The proposal revises a proposed rule issued in 2011 by the Federal Reserve, Department of Housing and Urban Development, FDIC, Federal Housing Finance Agency, OCC and SEC, and requires banks and other entities that bundle mortgages into securitizations to retain risk in those transactions.
Mortgages that meet certain standards, however, such as “qualified residential mortgages,” are exempt from the rule. The proposal also requests comment on an alternate definition of a QRM to include certain underwriting standards issued by the CFPB.
The previously proposed definition of a QRM drew criticism from the financial industry, which said the strict requirements would make mortgages more expensive for potential borrowers, Financial Times reports.
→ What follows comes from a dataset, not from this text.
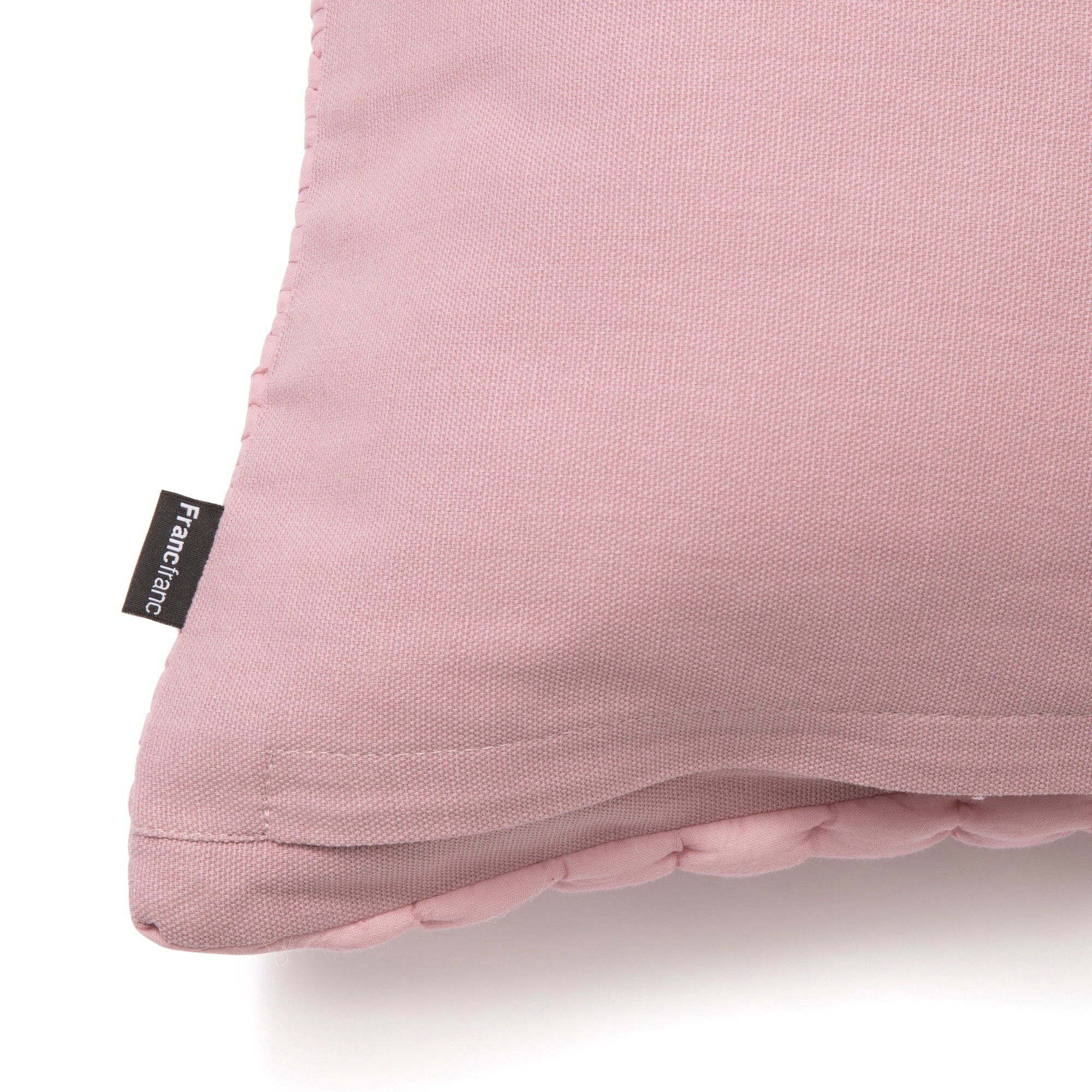 Solid Gather Cushion Cover 450 x 450 Pink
“An overwhelming majority of commenters criticized the agencies’ proposed
QRM standard,” the agencies said in the proposal. “Many of these commenters asserted that the proposed definition of QRM, particularly the 20 percent down payment requirement, would significantly increase the costs of credit for most home buyers and restrict access to credit. Some of these commenters asserted that the proposed QRM standard would become a new ‘government-approved’ standard, and that lenders would be reluctant to originate mortgages that did not meet the standard.”
Much like the original proposal, securitizations of commercial loans, mortgages or auto loans with low credit risk would not be subject to risk retention under the new proposal.
The rule would also recognize the full guarantee on principal payments and interest provided by Fannie Mae and Freddie Mac for residential mortgage-backed securities as meeting the risk retention requirements while the government-sponsored enterprises are in conservatorship or receivership.